Though he has only been with the Blaze for a short time, Andrus feels he fits in well with Bakersfield manager Carlos Subero, a fellow Venezuelan.
“My manager, Carlos [Subero] is a really good infield coach,” he said. “In the few days I’ve been here he’s taught me a couple of things about fielding. He wants to see me running the bases all the time. He wants to see me aggressive all the time, so that’s a good thing for me. I really like aggressive play, so I feel really comfortable with my manager and my team.”
Already an advanced defender with a good arm and outstanding range, Andrus takes a great deal of pride in his improvement defensively. He credits his progression to hard work and practice.
“I just work hard,” said Andrus when asked what he does to improve defensively. “That’s what I do every day. I work hard in practice before the game. When you practice hard, you play well. I have a lot of good coaches, so I’m trying to take everything in. I’m trying to learn the game.”
When it comes to his offensive game, Andrus says he likes to hit the ball to the opposite field.
“I hit a lot of balls to the other way,” said Andrus. “My approach is always to the other way.”
However, the talented right-handed hitter has been forced to make adjustments as his scouting report makes its way around the minor leagues.
“This year I’ve had to learn a little bit because they’ve thrown me a lot of inside pitches,” he said. “I like to hit it the other way, but if I see something hanging like a slider or changeup then I’ll pull it. That’s something I have to keep learning.”
While Andrus batted .244 in his time with the Myrtle Beach Pelicans, he played in a pitcher’s park. The 18-year-old shortstop batted just .189 at home versus .286 on the road. Needless to say, he wasn’t a big fan of Myrtle Beach’s Coastal Federal Field.

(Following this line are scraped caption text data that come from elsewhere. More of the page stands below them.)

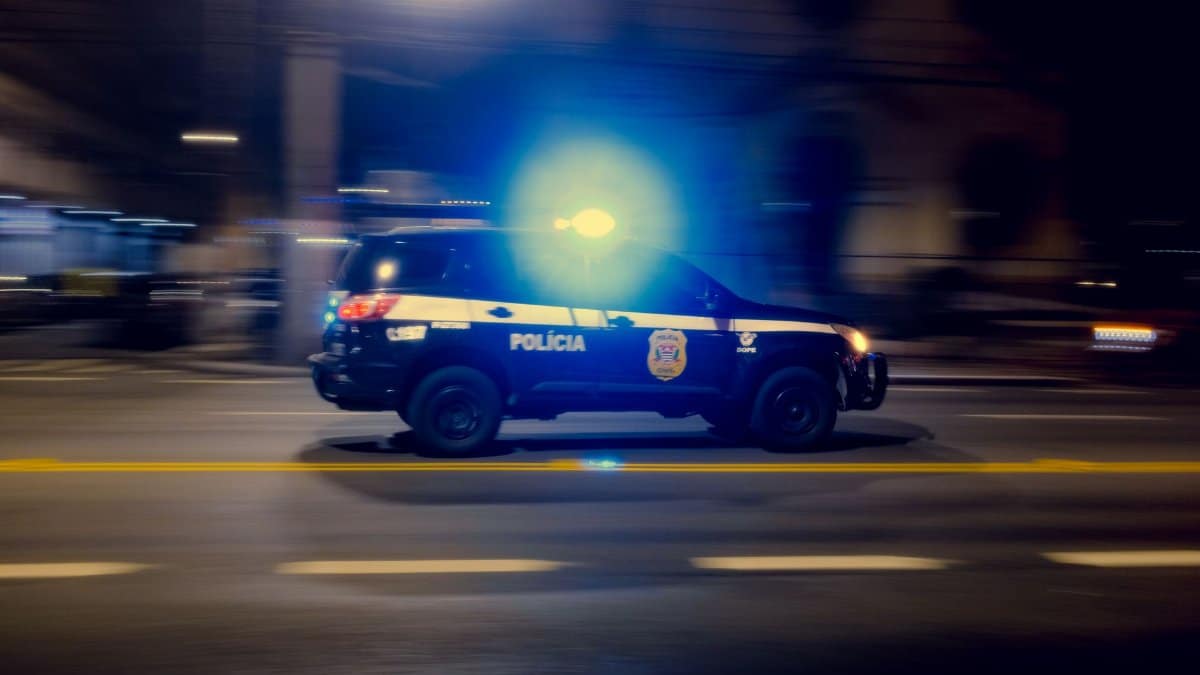 Blurred motion capture of a police car speeding at night with flashing lights on a city street.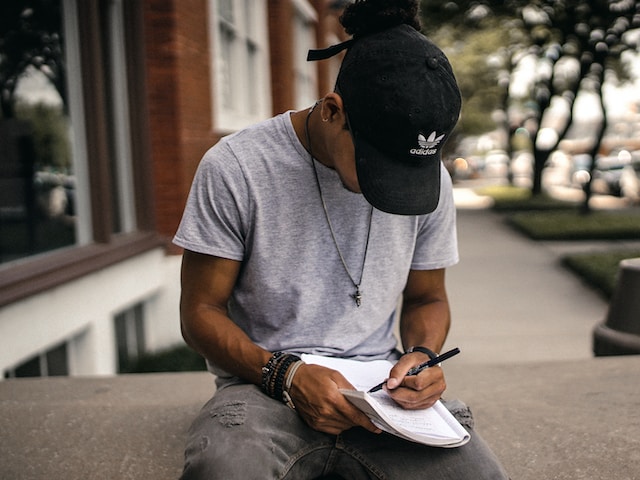 Journalling for better mental health. Teen boy in a cap writing in a journal Journalling for better mental health. Teen boy in a cap writing in a journal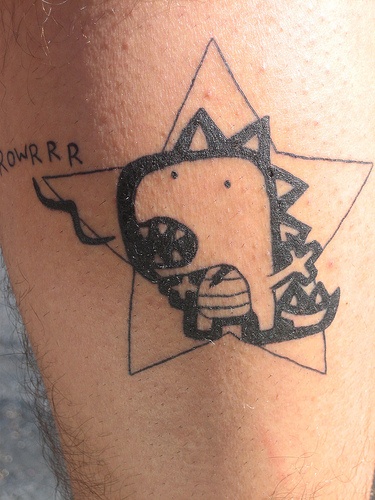 Star and dinosaur tattoo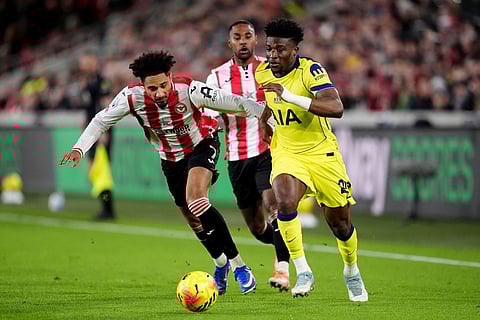 Brentford's Kevin Schade, left, and Tottenham Hotspur's Mohammed Kudus in action during the English Premier League soccer match between Brentford and Tottenham Hotspur in London.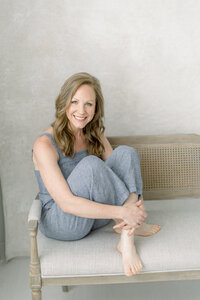 A beautiful photo of a Dallas business woman sitting on a bench at a Dallas photography studio posing for her professional headshots.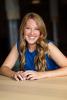 smiling woman with long strawberry blond hair in a blue sleevless top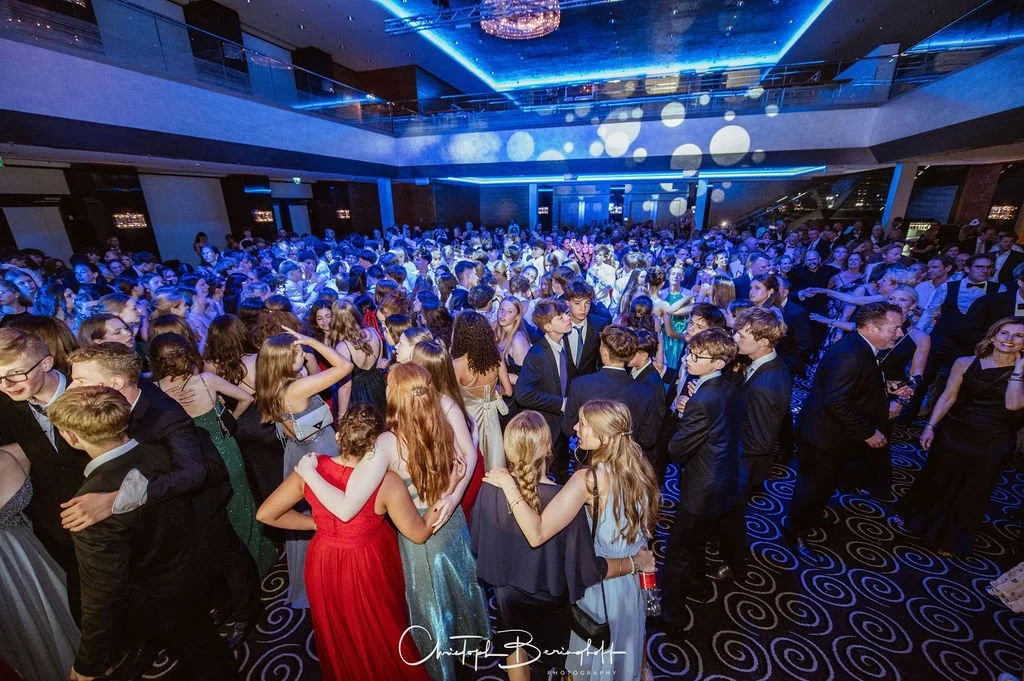 Menschenmenge auf einer Party, viele junge Leute in formeller Kleidung, im Hintergrund blaue Lichter und dezentes Beleuchtungsspektakel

“I didn’t really like the stadium,” he said. “The gaps are really close. All the time when I made good contact or hit it in the gap, they would catch it. I didn’t have really good luck at home, but when I went away I just felt better.”
Moving to the hitter-friendly California League is something Andrus admits should be a positive change for him.
“Everybody says this league is a hitter’s league,” replied the shortstop. “They say the ball flies a little more here than the Carolina League. I feel real good up here and it will be a real good league to hit.”
Despite the mediocre statistics, the Braves felt enough about Andrus’ raw talent to select him for this year’s MLB Futures Game, which was played in San Francisco during All-Star Weekend. It was an experience Andrus won’t be likely to soon forget.
“It was amazing,” said Andrus of his experience at the Futures Game. “Every guy wants to play in those games. That means they think you’re one of the best players in the minor leagues. It was a really good experience for me and I give thanks to the Braves for giving me a chance.”
When the 2007 season comes to a close in September, Andrus is likely to play in the instructional league, though he could compete in the Venezuelan Winter League.
“I really want to play,” said Andrus when asked about playing over the offseason. “I’m younger and the only way to get experience is playing. I think I’ll go to instructional league because it’s a new organization and everything is different. They want to know more about me.”
In addition to improving himself on the field, Andrus has worked hard to become a fluent English speaker in just three years of learning the language.
“Like I’m trying to learn fielding ground balls or hitting, that’s what I do with my English,” he said. “I’m trying to get better every year.”